With the images left out, print all of the records below exactly.

(Image-text web data)
=======
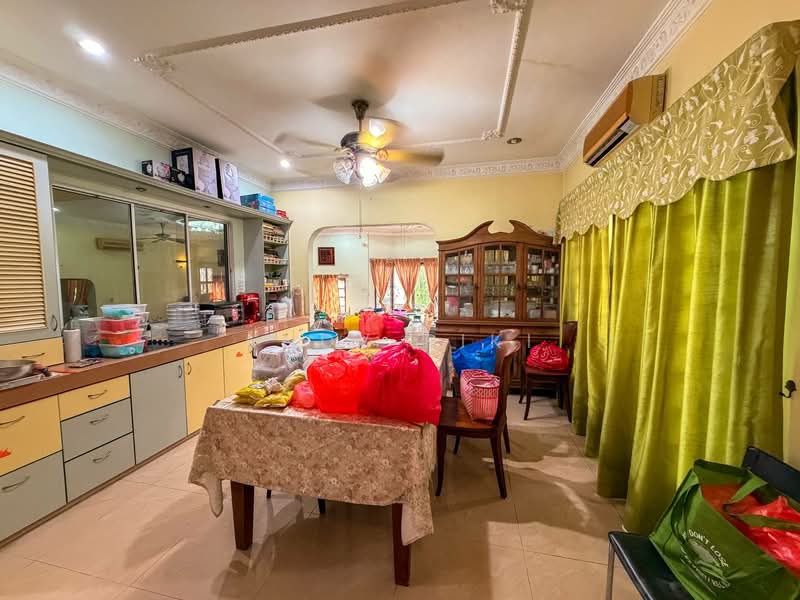 Bungalow House for Sale in Kayangan Heights (Shah Alam) - Andy Riki - Kitchen - PropertyGuru.com.my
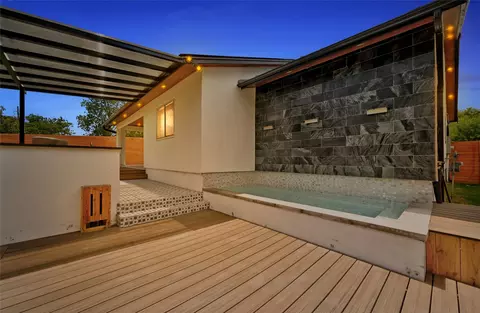 3600 Alexandria Dr, Austin, TX 78749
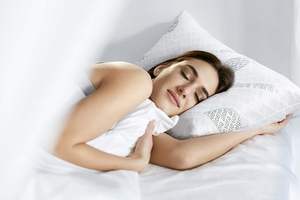 Juego de 2 almohadas de espuma viscoelástica ecológicas de tela de <span class=keywords><strong>Aloe</strong></span> <span class=keywords><strong>Vera</strong></span>, funda termorregulada adaptable con doble cremallera de 70 cm para dormir y acampar - Product Image 3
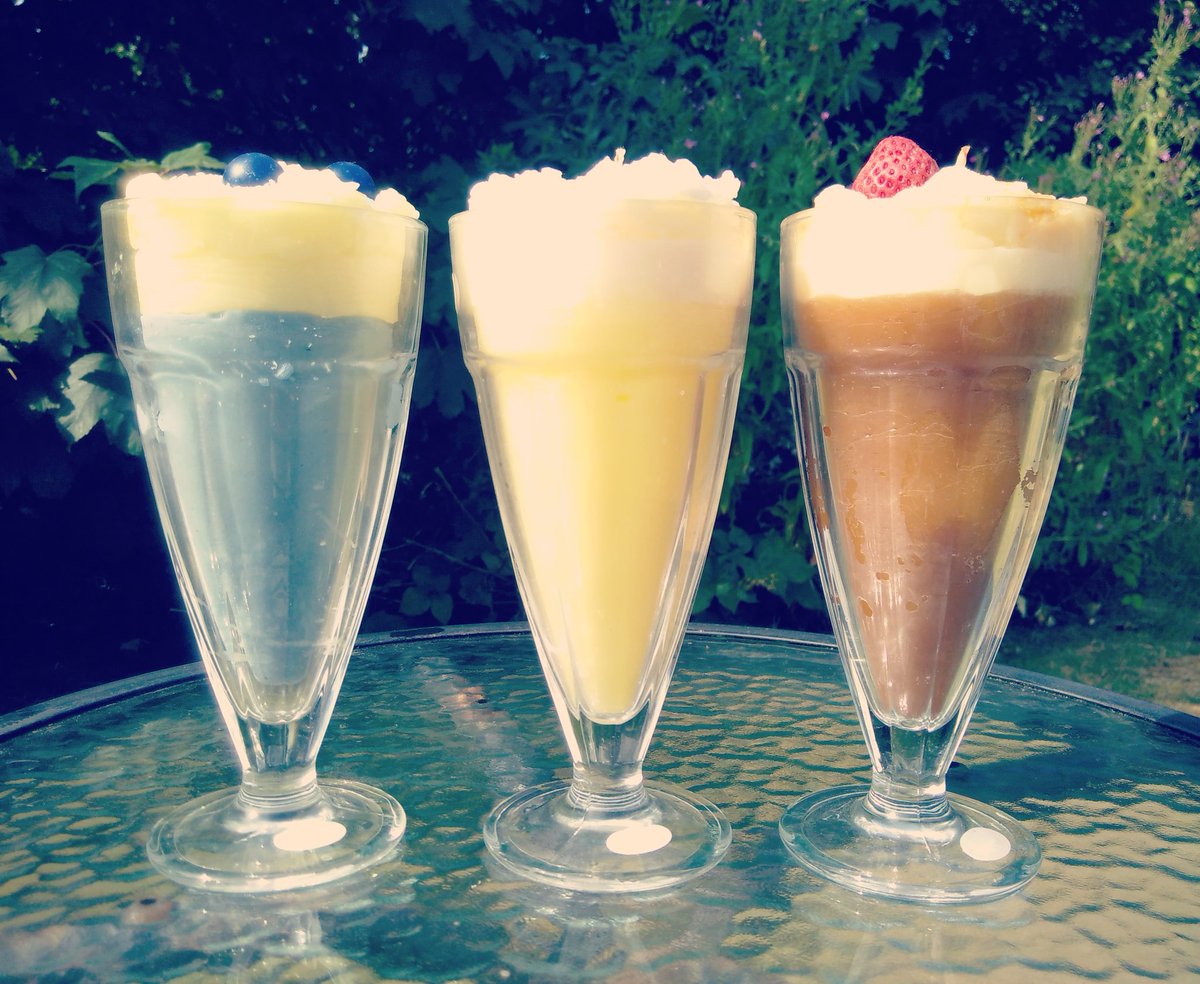 Perfect for summer - ice cream sundae candles! Available in blueberry, vanilla and chocolate flavours :)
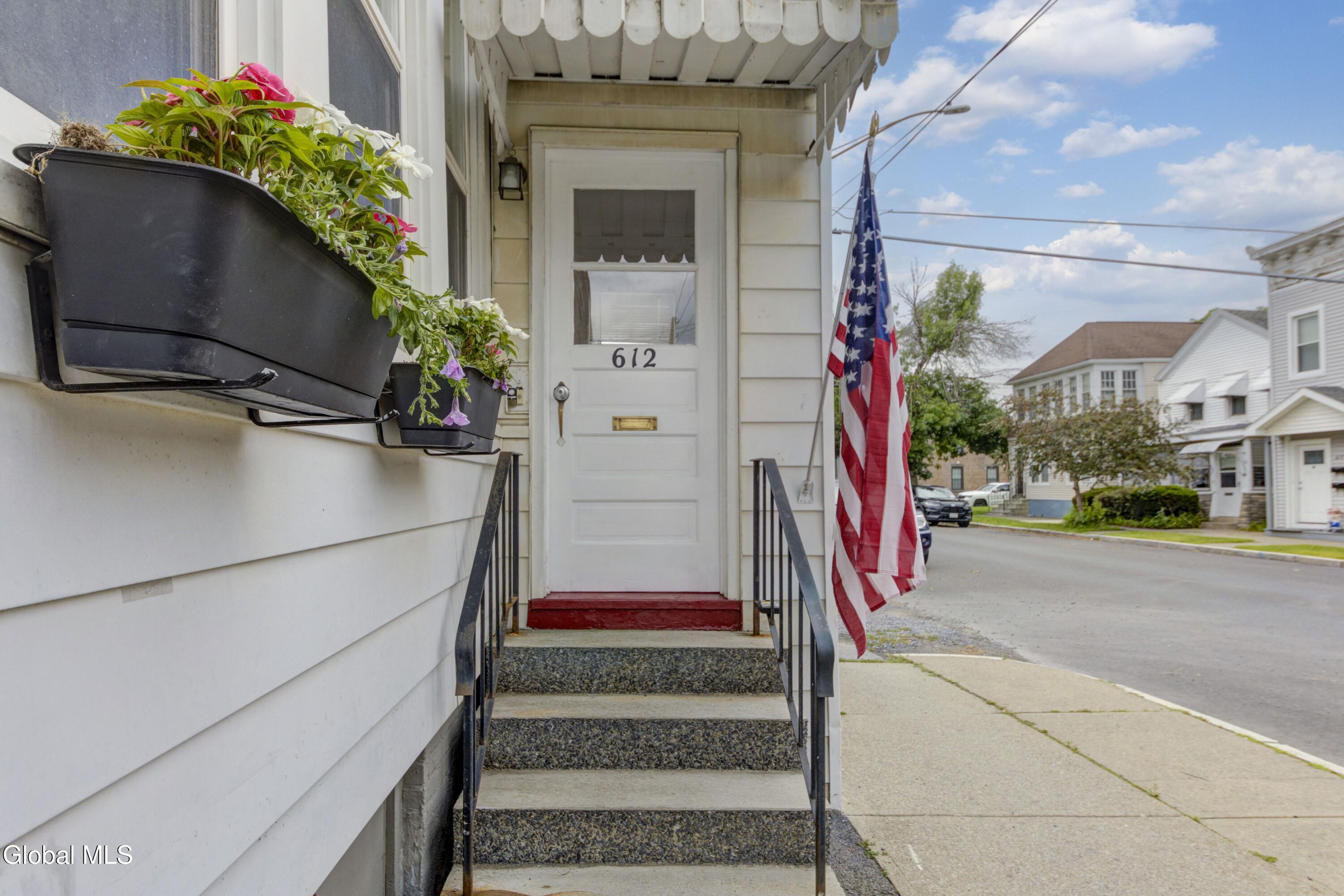 612 Twenty Third Street Watervliet NY 12189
=======
**Answer space**
 Bungalow House for Sale in Kayangan Heights (Shah Alam) - Andy Riki - Kitchen - PropertyGuru.com.my
 3600 Alexandria Dr, Austin, TX 78749
 Juego de 2 almohadas de espuma viscoelástica ecológicas de tela de <span class=keywords><strong>Aloe</strong></span> <span class=keywords><strong>Vera</strong></span>, funda termorregulada adaptable con doble cremallera de 70 cm para dormir y acampar - Product Image 3
 Perfect for summer - ice cream sundae candles! Available in blueberry, vanilla and chocolate flavours :)
 612 Twenty Third Street Watervliet NY 12189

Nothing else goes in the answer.